I use an old Delia recipe for Tomato Soup which is quick and easy and beats the flavour of a tin of soup by miles. I have modified the original recipe through trial and error to make the method even easier (Delia’s Complete Cookery Course is a permanent companion in my kitchen, and a starting point for anything I’m not sure what to do with… )

(Better than the well known tinned variety) Tomato Soup

750g ripe tomatoes (mark a cross on the bottom of each tomato and dip in boiling water for a few seconds, rinse off under cold water and remove the skins, then roughly chop the tomatoes)
1 medium onion (preferably a red onion but any one will do) finely chopped
1 medium potato diced
Olive Oil
275ml of good vegetable stock
2 fat garlic cloves crushed

Basil and Cream or Basil Oil and Parmesan to finish

In a large heavy based saucepan heat a large slug of olive oil, add the onion and diced potato and over a medium heat soften them slowly without browning.

When the onions and potatoes are soft add the garlic and cook with the onion for a minute or so then add the chopped tomatoes stirring them in well and cooking for a further minute. Add the stock and season with salt and pepper. Cover and leave to simmer for about 25 minutes.

Take the pan off the stove and carefully pass the soup through a sieve to remove the pips and any hard tomato cores. Return to the saucepan check the seasoning and re-heat.

Here you can get creative, sometimes I like to add ripped basil leaves and/or a large slug of cream and heat very gently. Sometimes I prefer to leave the soup plain then when it is hot pour into heated dishes and drizzle a little basil oil (or garlic oil or other fragrant flavoured oil) and add parmesan shavings to the top.

Always serve with plenty of bread… french if you can get it of course!

Tuesday, September 2, 2008

No one ever tells you what to do with a dried sausage?

This is the home of the dried sausage (one of them); they are everywhere and the people love them. Every market has several charcuterie stalls selling them, every butcher has a selection, and every supermarket sells them. Local producers are often on hand to let you sample their produce. Some of them are fantastic, delicious and very morish… some of them are reminiscent of chewing old boots!

The only advice I offer is to by them in the market direct from a producer and above all try before you buy! My rule of thumb is that the fatter the sausage the more moist it is and the least likely to be subject to the old leather effect (it was ever thus!!).

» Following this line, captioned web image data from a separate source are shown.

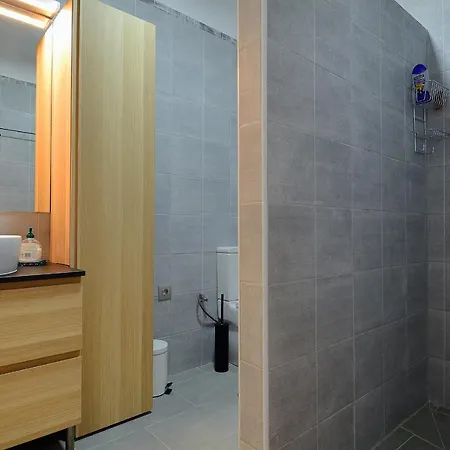 Apartment Florida Share Pool Διαμέρισμα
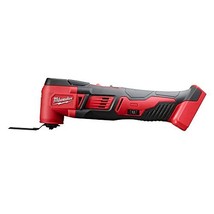 Milwaukee 2626-20 M18 18V Lithium Ion Cordless 18,000 OPM Oscillating Mu... - $1,621.73 MXN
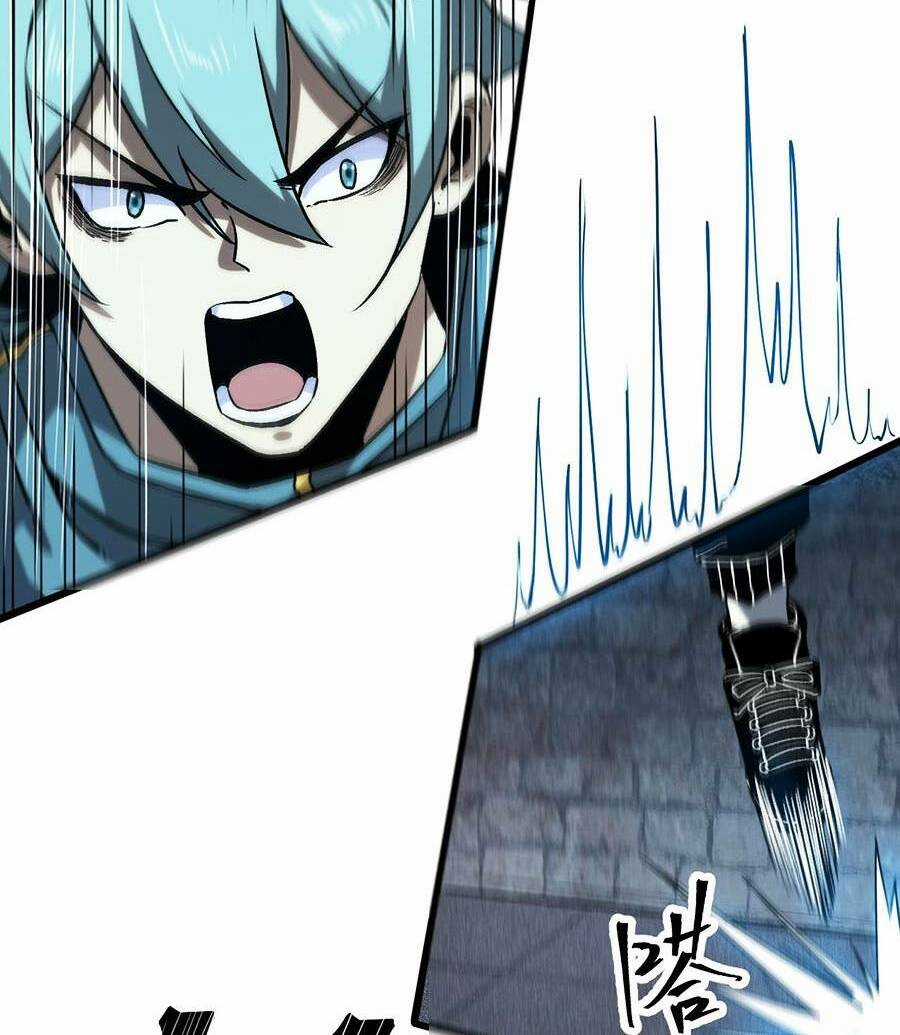 Tôi Dựa Vào Bug Làm Ông Nội Người Ta Chapter 54 trang 23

So you buy your delicious sausage and take it home… then what? It’s too chewy for sandwiches, to hard to use like chorizo for pizza topping and too strong usually for adding to many dishes. You can have a few slices with a cheese and bread lunch, snack on it with a glass of wine, or put it with a selection of other dried meats and hams for a fabulous charcuterie plate.

(The word charcuterie comes from the french words for - flesh (chair) and cooked (cuit), and describes prepared meat products such as bacon, ham, sausage, terrines, pates and confit which are original ways to preserve meat before we had fridges. These methods are still practiced today, particularly in France and across mainland Europe for the flavors that come from both of the meat and the specific preservation processes.)

But how to store it? Put it in the fridge it goes damp and sticky; wrap it goes furry. The answer seems to be hang it up in the kitchen by the little loop helpfully attached to the end. But this is my dilemma; I understand that air drying is a traditional and perfectly healthy way to preserve meat… however in my constant battle against the all pervasive flies in this Country, hanging unwrapped meat in my kitchen seems self defeating! I guess I’ll just have to get over my ‘fly thing’ and ignore them, that’s what the French do. However my solution thus far is to hang it, unwrapped in a cupboard, not sure if I will just end up with all the flies in the cupboard or if the lack of circulating air will make it go off… will keep you posted!